Exclude the images and transcribe the entries below precisely.

(Beginning of RECORDS SHOWN)

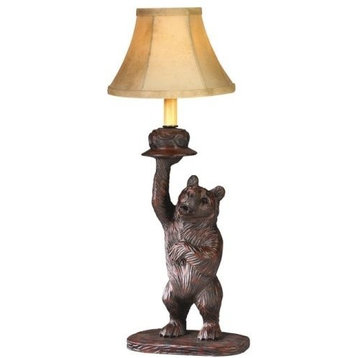 Sculpture Table Lamp Honey Pot Bear Rustic Hand Painted OK Casting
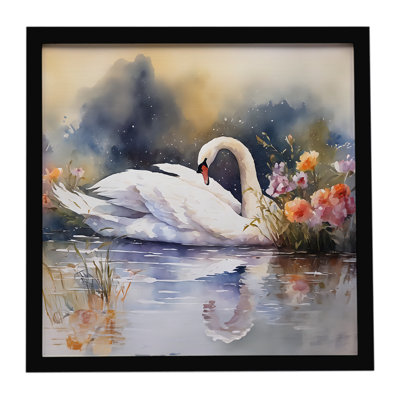 Swan Framed Metal Print
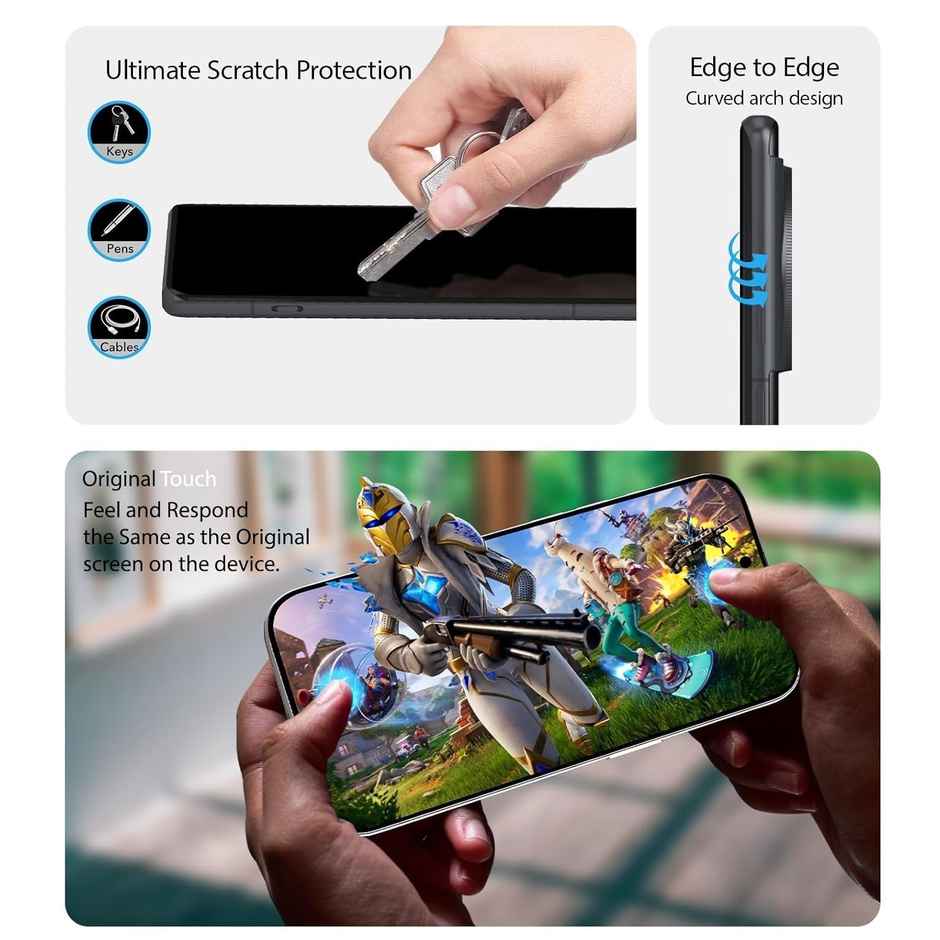 Kapaver Oneplus 12 - Easydo Tempered Glass Screen Protector Guard | Glass Hd | 1 Pack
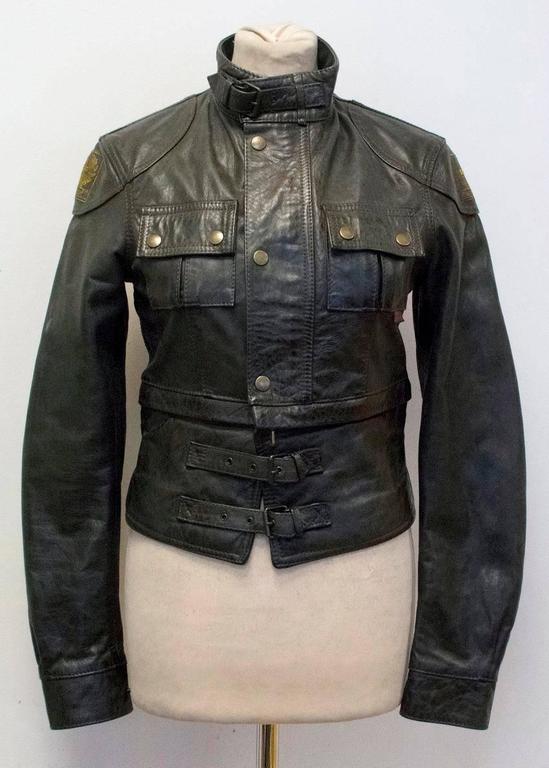Belstaff Distressed Dark Brown Leather Jacket For Sale at 1stDibs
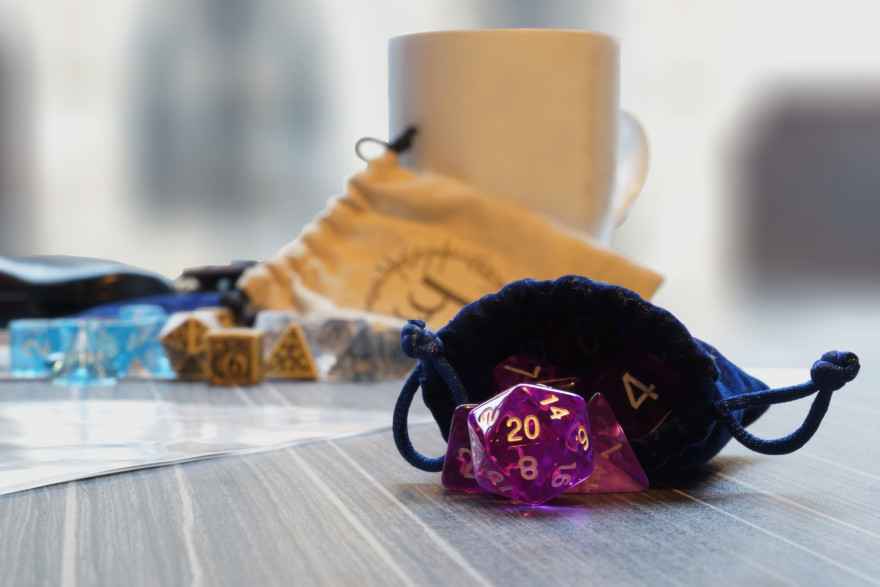 A Set Of Polyhedral Dice With A Draw String Bag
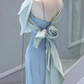 Elegant Light Blue Straps Mermaid Bowknot Long Formal Party Dress, DP3503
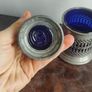 Pewter Condiment Set, blue glass and pewter design. mustard and salt Image 4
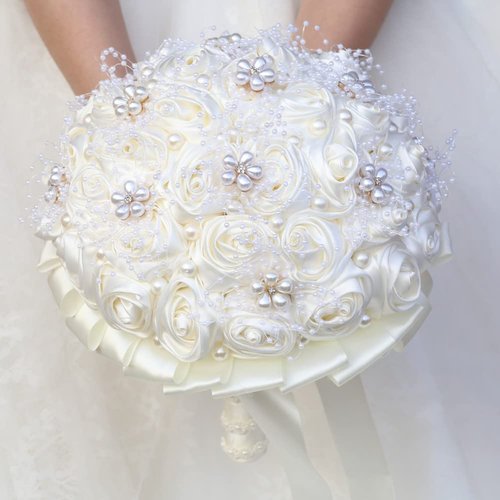 Gkvszy Ivory Bridal Wedding Bouquet Handmade with Rhinestone Pearl Ribbon Satin Rose Flower Bouquet for Bride Bridesmaid Quinceanera Bouquet Wedding Ivory 8.7in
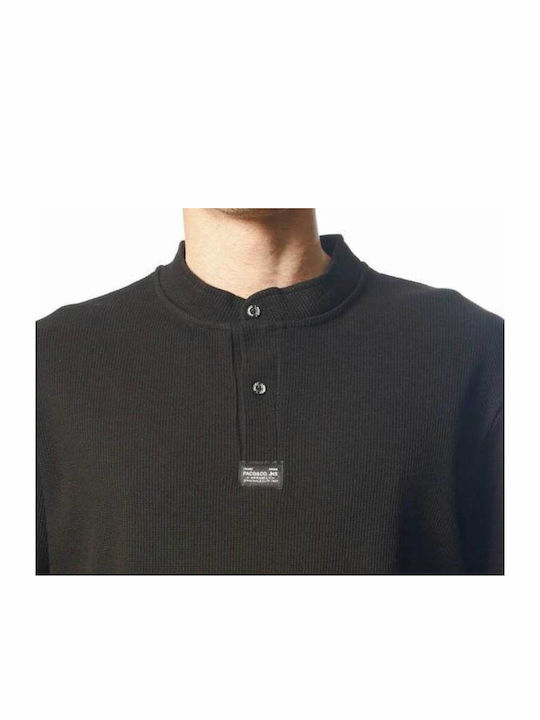 Kurzarm Herrenbluse in Schwarz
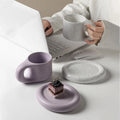 Factory Direct Sale Nordic Ins Style Fat Handle Mug Cute Coffee Cup Set Office Ceramic Mug with Plate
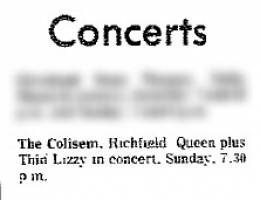 Flyer/ad - Queen in Richfield on 23.1.1977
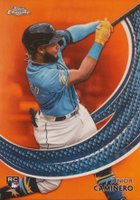 2024 Topps Chrome Strokes #S24 Junior Caminero Orange Refractor Baseball Card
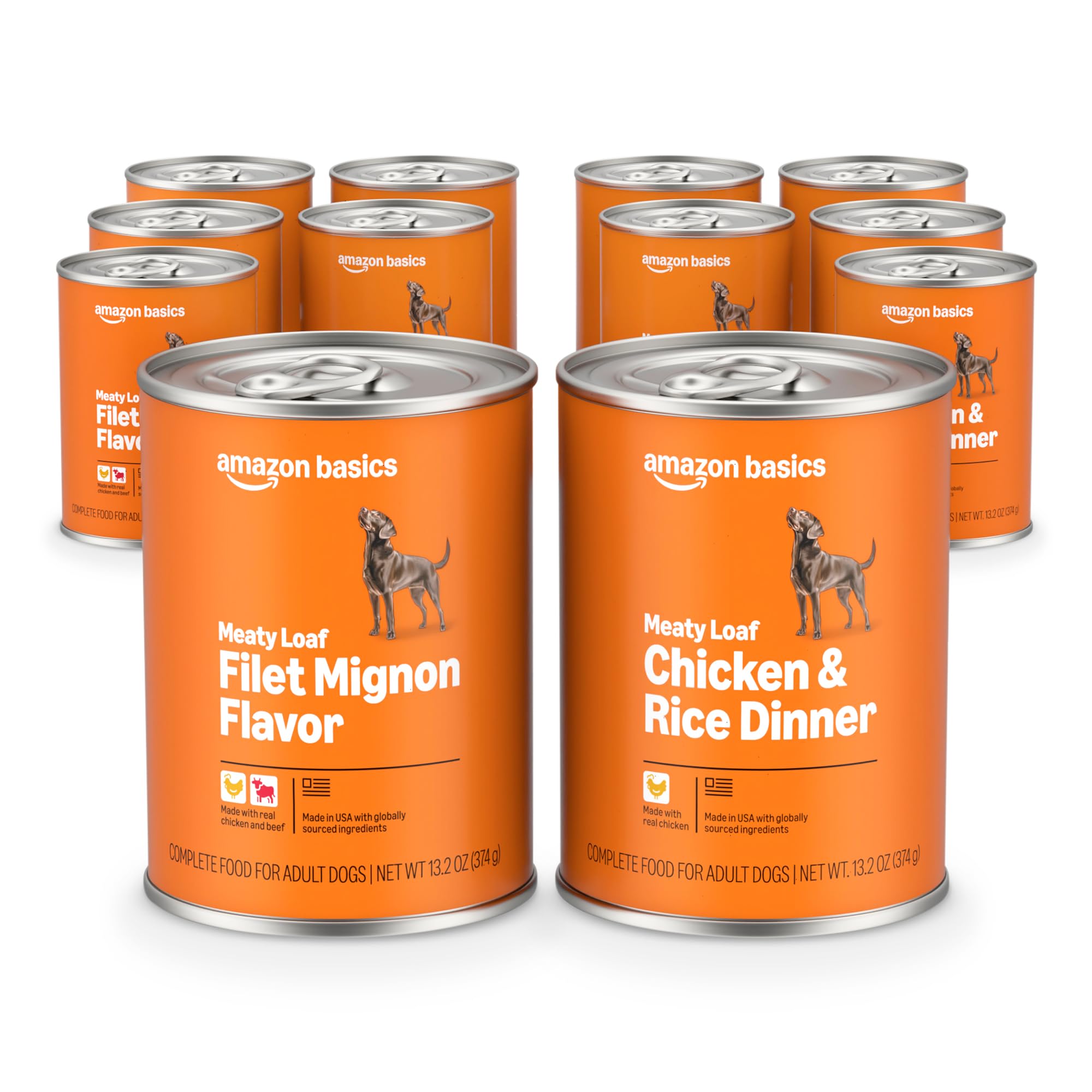 Amazon Basics wet dog food meaty loaf filet mignon can for a flavorful adult dog dinner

(End of RECORDS SHOWN)

**RESULT FOR THIS TASK**
 Sculpture Table Lamp Honey Pot Bear Rustic Hand Painted OK Casting
 Swan Framed Metal Print
 Kapaver Oneplus 12 - Easydo Tempered Glass Screen Protector Guard | Glass Hd | 1 Pack
Belstaff Distressed Dark Brown Leather Jacket For Sale at 1stDibs
 A Set Of Polyhedral Dice With A Draw String Bag
 Elegant Light Blue Straps Mermaid Bowknot Long Formal Party Dress, DP3503
 Pewter Condiment Set, blue glass and pewter design. mustard and salt Image 4
 Gkvszy Ivory Bridal Wedding Bouquet Handmade with Rhinestone Pearl Ribbon Satin Rose Flower Bouquet for Bride Bridesmaid Quinceanera Bouquet Wedding Ivory 8.7in
 Kurzarm Herrenbluse in Schwarz
 Factory Direct Sale Nordic Ins Style Fat Handle Mug Cute Coffee Cup Set Office Ceramic Mug with Plate
 Flyer/ad - Queen in Richfield on 23.1.1977
 2024 Topps Chrome Strokes #S24 Junior Caminero Orange Refractor Baseball Card
 Amazon Basics wet dog food meaty loaf filet mignon can for a flavorful adult dog dinner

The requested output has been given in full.